--- Task description ---
An exact transcription of all the data is required; the pictures are to be left out.

--- Provided data ---
--------------------------------------------------
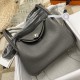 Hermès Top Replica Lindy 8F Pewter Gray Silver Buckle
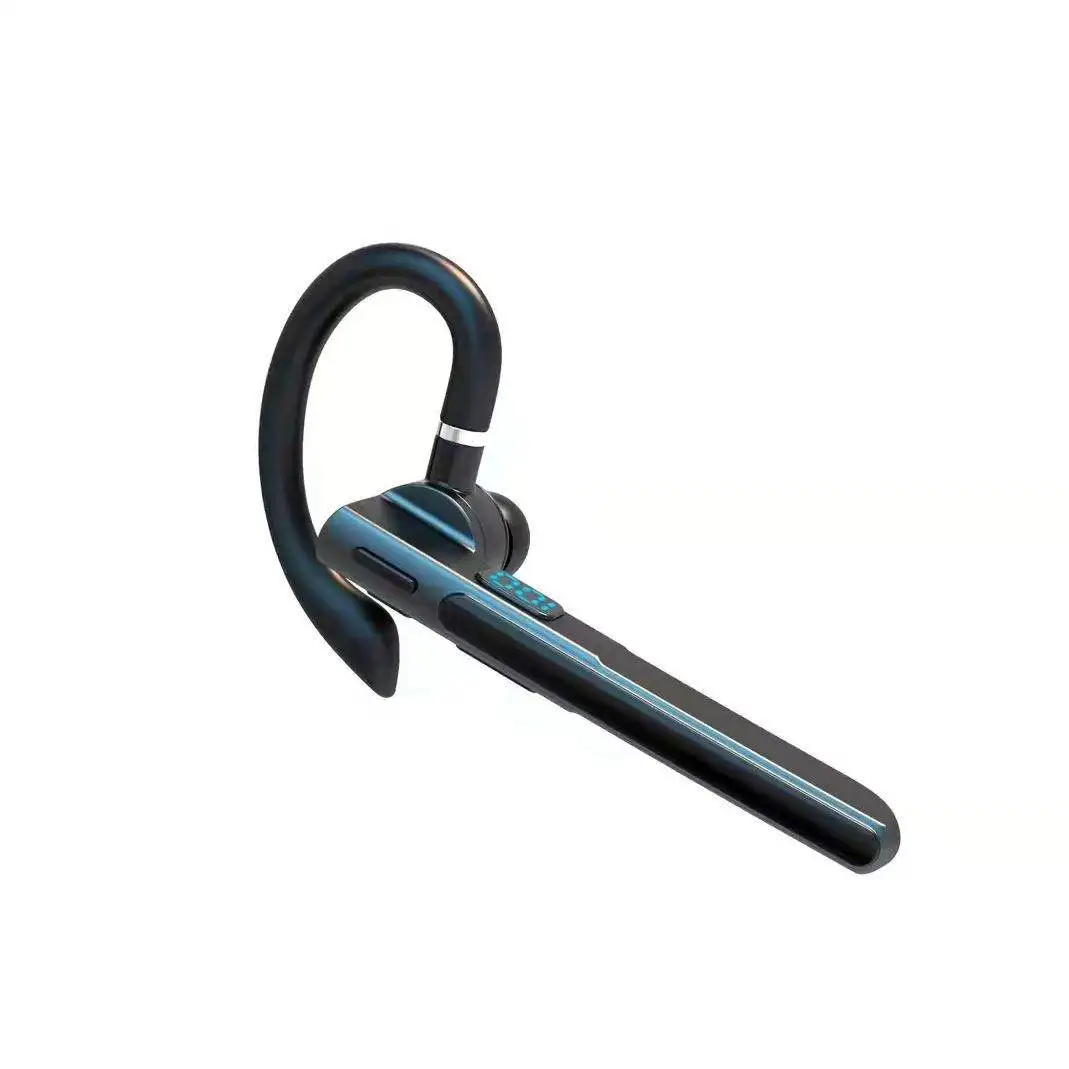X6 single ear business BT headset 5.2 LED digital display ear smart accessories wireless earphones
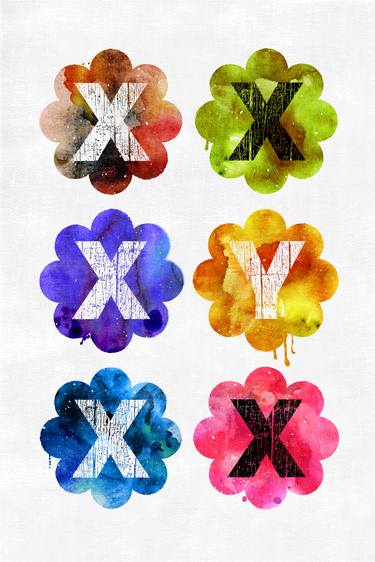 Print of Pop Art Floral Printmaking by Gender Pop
--------------------------------------------------
--- Answer to this exercise ---
 Hermès Top Replica Lindy 8F Pewter Gray Silver Buckle
X6 single ear business BT headset 5.2 LED digital display ear smart accessories wireless earphones
 Print of Pop Art Floral Printmaking by Gender Pop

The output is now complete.